On 09/08/2022 22:42, Eddie James wrote:
>>> +  ibm,inactive-on-init:
>>> +    description: This property describes whether or not the OCC should
>>> +      be marked as active during device initialization. The alternative
>>> +      is for user space to mark the device active based on higher level
>>> +      communications between the BMC and the host processor.
>> I find the combination property name with this description confusing. It
>> sounds like init of OCC and somehow it should be inactive? I assume if
>> you initialize device, it is active. Or maybe the "init" is of something
>> else? What is more, non-negation is easier to understand, so rather
>> "ibm,active-on-boot" (or something like that).
> 
> 
> Well, the host processor initializes the OCC during it's boot, but this 
> document is describing a binding to be used by a service processor 
> talking to the OCC. So the OCC may be in any state.

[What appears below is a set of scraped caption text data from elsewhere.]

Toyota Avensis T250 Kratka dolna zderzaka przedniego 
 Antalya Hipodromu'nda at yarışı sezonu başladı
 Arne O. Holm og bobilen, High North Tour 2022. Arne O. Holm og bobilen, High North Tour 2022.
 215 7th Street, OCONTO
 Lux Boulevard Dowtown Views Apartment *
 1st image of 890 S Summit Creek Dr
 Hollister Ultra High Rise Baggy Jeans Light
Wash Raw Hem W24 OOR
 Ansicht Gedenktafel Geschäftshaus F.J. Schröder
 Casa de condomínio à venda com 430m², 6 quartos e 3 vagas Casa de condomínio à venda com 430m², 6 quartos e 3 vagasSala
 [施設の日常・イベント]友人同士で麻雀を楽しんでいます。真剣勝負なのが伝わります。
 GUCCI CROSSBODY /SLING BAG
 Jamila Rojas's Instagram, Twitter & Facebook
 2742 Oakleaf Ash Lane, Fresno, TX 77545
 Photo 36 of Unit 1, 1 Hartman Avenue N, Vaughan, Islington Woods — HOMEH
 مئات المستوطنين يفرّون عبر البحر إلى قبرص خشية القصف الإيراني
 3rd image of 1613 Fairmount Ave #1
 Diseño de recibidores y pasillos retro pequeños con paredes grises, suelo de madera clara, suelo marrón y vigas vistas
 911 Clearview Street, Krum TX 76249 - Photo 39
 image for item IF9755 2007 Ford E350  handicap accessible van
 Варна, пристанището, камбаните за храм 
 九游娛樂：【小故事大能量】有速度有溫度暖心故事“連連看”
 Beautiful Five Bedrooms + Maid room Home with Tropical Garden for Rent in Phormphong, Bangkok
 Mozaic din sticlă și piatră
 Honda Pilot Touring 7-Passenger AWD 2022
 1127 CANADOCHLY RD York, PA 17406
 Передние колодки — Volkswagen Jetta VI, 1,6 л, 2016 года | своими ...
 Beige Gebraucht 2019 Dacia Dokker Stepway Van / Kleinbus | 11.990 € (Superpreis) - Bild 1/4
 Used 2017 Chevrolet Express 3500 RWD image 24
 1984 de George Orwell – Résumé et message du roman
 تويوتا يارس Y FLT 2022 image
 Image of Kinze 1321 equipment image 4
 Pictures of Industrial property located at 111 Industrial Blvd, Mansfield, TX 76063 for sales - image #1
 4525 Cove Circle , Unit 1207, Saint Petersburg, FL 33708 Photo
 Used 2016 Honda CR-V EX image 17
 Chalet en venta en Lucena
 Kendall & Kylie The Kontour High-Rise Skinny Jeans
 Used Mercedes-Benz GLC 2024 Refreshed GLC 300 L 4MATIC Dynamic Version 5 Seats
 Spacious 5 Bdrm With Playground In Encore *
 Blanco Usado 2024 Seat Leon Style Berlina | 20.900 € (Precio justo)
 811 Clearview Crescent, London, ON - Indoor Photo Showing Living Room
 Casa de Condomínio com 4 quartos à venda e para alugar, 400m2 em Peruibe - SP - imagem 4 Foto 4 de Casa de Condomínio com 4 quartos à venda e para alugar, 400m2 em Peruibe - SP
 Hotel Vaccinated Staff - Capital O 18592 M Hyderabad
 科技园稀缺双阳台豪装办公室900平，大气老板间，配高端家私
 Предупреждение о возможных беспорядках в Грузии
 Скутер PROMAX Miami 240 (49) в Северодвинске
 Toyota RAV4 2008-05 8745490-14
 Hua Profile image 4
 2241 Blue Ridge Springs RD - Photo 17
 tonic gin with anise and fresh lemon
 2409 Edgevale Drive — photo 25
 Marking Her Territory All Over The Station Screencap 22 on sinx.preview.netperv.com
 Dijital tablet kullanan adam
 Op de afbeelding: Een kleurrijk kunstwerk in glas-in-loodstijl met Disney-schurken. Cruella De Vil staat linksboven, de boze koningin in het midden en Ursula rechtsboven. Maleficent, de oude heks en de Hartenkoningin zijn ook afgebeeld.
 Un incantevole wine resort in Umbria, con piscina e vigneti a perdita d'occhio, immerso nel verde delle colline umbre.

The init meant 
> driver init, but I will simply the description and change the property 
> to be more explicit: ibm,no-poll-on-init since that is what is actually 
> happening. Similar to the FSI binding for no-scan-on-init.

no-scan-on-init is not a good example. It wasn't even reviewed by Rob
(looking at commit). In both cases you describe driver behavior which is
not appropriate for bindings. Instead you should describe the hardware
characteristics/feature/bug/state which require skipping the initialization.